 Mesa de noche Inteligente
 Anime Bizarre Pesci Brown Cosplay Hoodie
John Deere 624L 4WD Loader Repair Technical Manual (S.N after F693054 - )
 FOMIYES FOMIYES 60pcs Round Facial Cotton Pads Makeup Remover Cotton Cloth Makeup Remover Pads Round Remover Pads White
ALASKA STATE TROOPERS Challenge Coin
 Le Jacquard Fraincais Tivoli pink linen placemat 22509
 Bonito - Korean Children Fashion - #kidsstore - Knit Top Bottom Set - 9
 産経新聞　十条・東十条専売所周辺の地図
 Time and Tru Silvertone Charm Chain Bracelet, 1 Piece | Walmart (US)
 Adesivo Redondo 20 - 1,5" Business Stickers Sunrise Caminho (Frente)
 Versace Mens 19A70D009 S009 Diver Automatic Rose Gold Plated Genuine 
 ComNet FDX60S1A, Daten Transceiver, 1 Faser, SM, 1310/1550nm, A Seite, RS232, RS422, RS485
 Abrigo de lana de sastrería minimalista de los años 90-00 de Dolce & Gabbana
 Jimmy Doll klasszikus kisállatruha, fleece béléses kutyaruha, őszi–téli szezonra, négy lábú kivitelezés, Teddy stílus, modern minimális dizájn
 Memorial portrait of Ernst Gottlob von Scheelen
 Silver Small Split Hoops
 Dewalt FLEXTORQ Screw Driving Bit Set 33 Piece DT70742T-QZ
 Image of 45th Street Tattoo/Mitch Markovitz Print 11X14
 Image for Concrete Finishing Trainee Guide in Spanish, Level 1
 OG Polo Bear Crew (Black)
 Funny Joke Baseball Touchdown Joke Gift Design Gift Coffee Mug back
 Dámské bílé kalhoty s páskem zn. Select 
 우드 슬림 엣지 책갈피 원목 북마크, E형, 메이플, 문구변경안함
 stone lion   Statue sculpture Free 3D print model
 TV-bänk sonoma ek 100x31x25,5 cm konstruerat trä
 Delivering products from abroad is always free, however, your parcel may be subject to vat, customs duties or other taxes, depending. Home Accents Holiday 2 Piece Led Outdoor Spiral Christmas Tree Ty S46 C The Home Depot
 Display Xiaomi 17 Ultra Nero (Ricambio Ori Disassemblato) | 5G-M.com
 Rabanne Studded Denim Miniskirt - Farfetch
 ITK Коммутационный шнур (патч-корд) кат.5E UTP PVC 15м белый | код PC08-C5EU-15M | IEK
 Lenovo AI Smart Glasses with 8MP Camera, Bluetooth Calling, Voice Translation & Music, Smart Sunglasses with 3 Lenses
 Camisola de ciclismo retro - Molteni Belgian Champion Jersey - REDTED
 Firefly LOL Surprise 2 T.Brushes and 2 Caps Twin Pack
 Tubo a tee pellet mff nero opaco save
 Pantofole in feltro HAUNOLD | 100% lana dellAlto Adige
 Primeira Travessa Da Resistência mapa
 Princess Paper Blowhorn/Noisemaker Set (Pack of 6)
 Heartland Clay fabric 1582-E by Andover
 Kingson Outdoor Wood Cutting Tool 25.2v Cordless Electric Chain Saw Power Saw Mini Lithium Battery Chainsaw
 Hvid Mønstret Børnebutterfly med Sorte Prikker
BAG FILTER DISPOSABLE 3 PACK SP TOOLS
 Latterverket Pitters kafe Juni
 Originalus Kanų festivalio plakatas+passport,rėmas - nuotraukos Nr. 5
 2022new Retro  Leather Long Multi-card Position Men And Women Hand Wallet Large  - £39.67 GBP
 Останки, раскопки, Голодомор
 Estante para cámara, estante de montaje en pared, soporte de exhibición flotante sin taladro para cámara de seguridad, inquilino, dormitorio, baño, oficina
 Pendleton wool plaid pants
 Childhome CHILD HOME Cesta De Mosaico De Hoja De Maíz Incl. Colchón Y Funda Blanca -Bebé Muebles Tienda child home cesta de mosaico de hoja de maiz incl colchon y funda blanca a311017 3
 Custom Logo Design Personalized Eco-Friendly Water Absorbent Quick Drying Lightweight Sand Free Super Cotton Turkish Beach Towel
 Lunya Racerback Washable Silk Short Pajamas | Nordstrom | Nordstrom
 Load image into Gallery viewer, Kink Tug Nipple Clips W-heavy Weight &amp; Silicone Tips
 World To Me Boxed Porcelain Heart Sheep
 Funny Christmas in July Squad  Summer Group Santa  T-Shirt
------------------------------------------------------------
__What is needed__
Out of the listing above, reproduce exactly the lines from the one with "Rabanne Studded Denim Miniskirt - Farfetch" up to and including the one with "Lunya Racerback Washable".

__Expected answer__
 Rabanne Studded Denim Miniskirt - Farfetch
 ITK Коммутационный шнур (патч-корд) кат.5E UTP PVC 15м белый | код PC08-C5EU-15M | IEK
 Lenovo AI Smart Glasses with 8MP Camera, Bluetooth Calling, Voice Translation & Music, Smart Sunglasses with 3 Lenses
 Camisola de ciclismo retro - Molteni Belgian Champion Jersey - REDTED
 Firefly LOL Surprise 2 T.Brushes and 2 Caps Twin Pack
 Tubo a tee pellet mff nero opaco save
 Pantofole in feltro HAUNOLD | 100% lana dellAlto Adige
 Primeira Travessa Da Resistência mapa
 Princess Paper Blowhorn/Noisemaker Set (Pack of 6)
 Heartland Clay fabric 1582-E by Andover
 Kingson Outdoor Wood Cutting Tool 25.2v Cordless Electric Chain Saw Power Saw Mini Lithium Battery Chainsaw
 Hvid Mønstret Børnebutterfly med Sorte Prikker
BAG FILTER DISPOSABLE 3 PACK SP TOOLS
 Latterverket Pitters kafe Juni
 Originalus Kanų festivalio plakatas+passport,rėmas - nuotraukos Nr. 5
 2022new Retro  Leather Long Multi-card Position Men And Women Hand Wallet Large  - £39.67 GBP
 Останки, раскопки, Голодомор
 Estante para cámara, estante de montaje en pared, soporte de exhibición flotante sin taladro para cámara de seguridad, inquilino, dormitorio, baño, oficina
 Pendleton wool plaid pants
 Childhome CHILD HOME Cesta De Mosaico De Hoja De Maíz Incl. Colchón Y Funda Blanca -Bebé Muebles Tienda child home cesta de mosaico de hoja de maiz incl colchon y funda blanca a311017 3
 Custom Logo Design Personalized Eco-Friendly Water Absorbent Quick Drying Lightweight Sand Free Super Cotton Turkish Beach Towel
 Lunya Racerback Washable Silk Short Pajamas | Nordstrom | Nordstrom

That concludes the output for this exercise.